In what might be called a clash of civilizations, British actor, writer, comedian, gay rights activist and blogger extraordinaire Stephen Fry met on Tuesday with a Russian MP who kicked off the ongoing crackdown on Russia's LGBTQ community.
Frye traveled to St. Petersburg this week, the city that enacted the notorious "gay propaganda" ban last March, to work on a documentary about "being gay everywhere," according to his account at Twitter, which has 5.5 million followers.
The actor, himself openly gay, met with members of the local LGBT organization Coming Out on Wednesday, and on Thursday continued his conversation with Vitaly Milonov, a member of the city legislature from the ruling United Russia party, the author of the ban.
'This naked dude'
Both men exchanged injections in each other's backs before the meeting: Fry called Milonov an "uneducated religious fanatic" and a "fool", and the deputy said that he only knew the British celebrity as "that naked dude from" Sherlock Holmes: [Shadow Play] " Guy Ritchie's 2011 blockbuster, in which Fry, who plays Mycroft Holmes, appears completely nude in one scene.
But ideological opposition was held back by reluctant personal respect: the duo shook hands before disappearing behind the closed doors of the legislator's office for a 75-minute one-on-one meeting, and Milonov promised to pray for Fry's soul after they parted.
However, mutual understanding was not enough. “Everything is very sad,” Fry tweeted after the meeting.
“I shall always love Russia and hope that its youth will not allow the toxic mix of nationalism and religious zealotry to destroy her,” he followed up in another Tweet.

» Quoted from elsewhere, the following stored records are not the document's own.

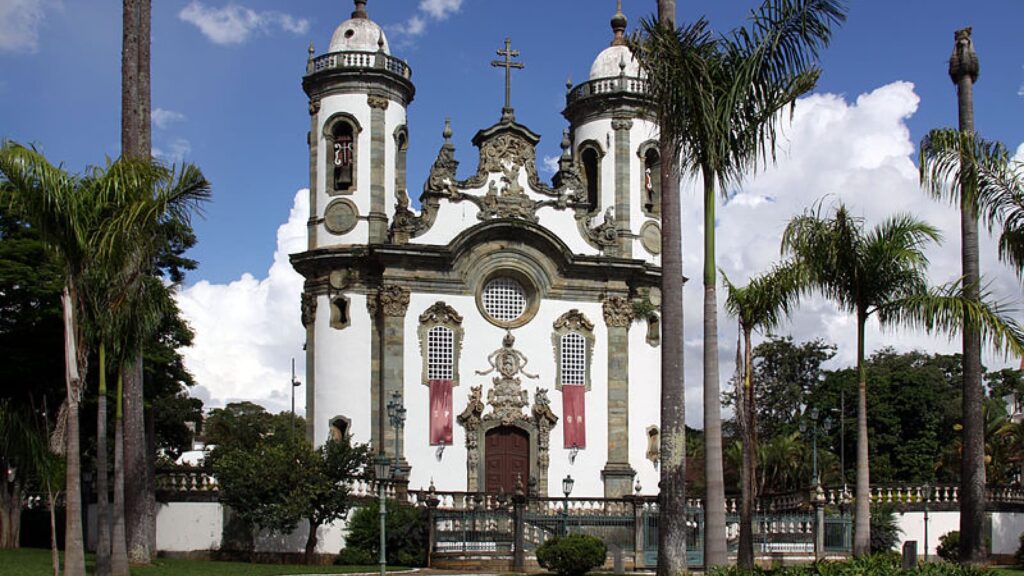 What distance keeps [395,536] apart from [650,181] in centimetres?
1879

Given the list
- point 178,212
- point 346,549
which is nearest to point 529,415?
point 346,549

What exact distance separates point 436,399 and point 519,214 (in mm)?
6560

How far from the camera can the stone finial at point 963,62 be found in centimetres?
2353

Milonov, on his part, compared his experience of meeting Fry to “drilling a hole to some ancient Antarctic lake that was living an isolated life for the last 50,000 years,” Spbdnevnik.ru city news website reported.
Suffering denied
He also complained to RIA Novosti that Fry considered him “the worst man in Russia,” and spoke against Fry’s alleged “clichés about homosexuals, who are supposedly jailed, denied their rights and made to suffer here,” according to Metro newspaper.
The actor, whose deadpan British humor earned him a cult following among Russia’s Anglophiles, left for Britain on Thursday afternoon, the crowd seeing him off at the St. Petersburg airport being reportedly “bigger than for Shakira,” he wrote on Twitter. Fry gave no release date for his twopart documentary, “Out There,” which he is making for the BBC.
Controversial legislation
Promotion of LGBT values and lifestyle to minors is punishable in St. Petersburg with fines of between 5,000 and 500,000 rubles ($160 to $16,000). Several other Russian regions have similar bans in place, but the law lobbied by Milonov got the biggest media exposure, though it is rarely enacted. In the most high-profile case up to date, Milonov and his supporters attempted to sue Madonna for supporting gay rights activists during a concert in St. Petersburg last year, but the court dismissed the lawsuit.
Earlier this year, a federal bill to ban “gay propaganda” passed the first of three required readings in the State Duma, the lower house of the Russian parliament. The lawmakers are currently hard at work to give a legal definition to “gay propaganda” ahead of the crucial second reading, which is not expected before late May.
Elusive propaganda
According to a nationwide poll of 1,600 respondents conducted by the state agency VTsIOM in April last year, 94 percent of Russians have never encountered "gay propaganda," but 84 percent oppose it.